#scopehal on 2020-08-09 — irc logs at freenode.irclog.whitequark.org

2020-07-13 15:00 azonenberg changed the topic of #scopehal to: libscopehal, libscopeprotocols, and glscopeclient development and testing | https://github.com/azonenberg/scopehal-apps, https://github.com/azonenberg/scopehal, https://github.com/azonenberg/scopehal-docs | Logs: https://freenode.irclog.whitequark.org/scopehal

00:26 maartenBE has quit [Ping timeout: 240 seconds]

00:33 maartenBE has joined #scopehal

00:33 Degi has quit [Ping timeout: 264 seconds]
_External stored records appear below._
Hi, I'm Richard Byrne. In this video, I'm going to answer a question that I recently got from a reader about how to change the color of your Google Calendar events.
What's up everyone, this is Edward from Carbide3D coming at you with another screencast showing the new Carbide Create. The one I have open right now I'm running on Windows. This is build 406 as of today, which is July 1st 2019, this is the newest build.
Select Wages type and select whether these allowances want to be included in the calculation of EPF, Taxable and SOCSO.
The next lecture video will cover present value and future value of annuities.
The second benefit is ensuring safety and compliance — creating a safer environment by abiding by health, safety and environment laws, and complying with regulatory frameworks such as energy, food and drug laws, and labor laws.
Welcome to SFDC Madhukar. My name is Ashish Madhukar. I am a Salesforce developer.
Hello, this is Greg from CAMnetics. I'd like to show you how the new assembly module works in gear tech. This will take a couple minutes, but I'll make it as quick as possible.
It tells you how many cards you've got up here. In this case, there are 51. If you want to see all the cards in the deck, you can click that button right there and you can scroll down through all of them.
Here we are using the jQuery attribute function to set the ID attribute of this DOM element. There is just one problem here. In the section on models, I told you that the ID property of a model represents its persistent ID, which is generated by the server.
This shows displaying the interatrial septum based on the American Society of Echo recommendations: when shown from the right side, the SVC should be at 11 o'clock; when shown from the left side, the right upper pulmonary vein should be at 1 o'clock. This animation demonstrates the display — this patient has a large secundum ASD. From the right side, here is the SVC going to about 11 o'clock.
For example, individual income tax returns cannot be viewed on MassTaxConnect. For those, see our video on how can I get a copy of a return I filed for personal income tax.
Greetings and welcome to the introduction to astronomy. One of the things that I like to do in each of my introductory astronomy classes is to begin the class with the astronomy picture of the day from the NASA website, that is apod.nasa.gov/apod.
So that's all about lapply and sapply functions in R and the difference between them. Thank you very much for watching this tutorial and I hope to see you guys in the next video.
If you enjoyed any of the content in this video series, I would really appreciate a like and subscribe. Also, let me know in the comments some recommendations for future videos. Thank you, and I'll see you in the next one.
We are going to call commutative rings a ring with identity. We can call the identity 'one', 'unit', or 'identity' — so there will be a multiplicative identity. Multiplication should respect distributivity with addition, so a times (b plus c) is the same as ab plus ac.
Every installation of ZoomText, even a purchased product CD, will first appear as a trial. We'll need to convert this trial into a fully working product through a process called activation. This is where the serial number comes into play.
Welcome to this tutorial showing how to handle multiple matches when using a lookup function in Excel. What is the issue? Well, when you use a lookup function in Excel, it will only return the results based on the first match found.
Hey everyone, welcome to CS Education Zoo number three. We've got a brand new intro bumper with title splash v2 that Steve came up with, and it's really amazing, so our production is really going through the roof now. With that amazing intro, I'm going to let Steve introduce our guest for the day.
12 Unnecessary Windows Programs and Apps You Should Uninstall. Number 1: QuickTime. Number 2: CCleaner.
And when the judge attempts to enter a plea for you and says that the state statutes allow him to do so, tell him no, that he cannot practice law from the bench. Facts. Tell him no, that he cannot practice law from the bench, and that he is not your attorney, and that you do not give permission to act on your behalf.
00:34 Degi has joined #scopehal

00:40 <_whitenotifier-b> [scopehal] azonenberg pushed 3 commits to master [+0/-0/±5] https://git.io/JJ1Rt

00:40 <_whitenotifier-b> [scopehal] azonenberg 39993e7 - Merged Convert8BitSamples and FillWaveformHeaders

00:40 <_whitenotifier-b> [scopehal] azonenberg 6c83322 - LeCroyOscilloscope: use OpenMP to parallelize conversions of >1M point waveforms

00:40 <_whitenotifier-b> [scopehal] azonenberg 5f083bb - Set up preferred thread count

03:01 <_whitenotifier-b> [scopehal] azonenberg pushed 1 commit to master [+0/-0/±4] https://git.io/JJ12l

03:01 <_whitenotifier-b> [scopehal] azonenberg 932bc15 - Performance improvements to LeCroy/VICP driver, reduced a bunch of needless data copying

03:16 electronic_eel has quit [Ping timeout: 256 seconds]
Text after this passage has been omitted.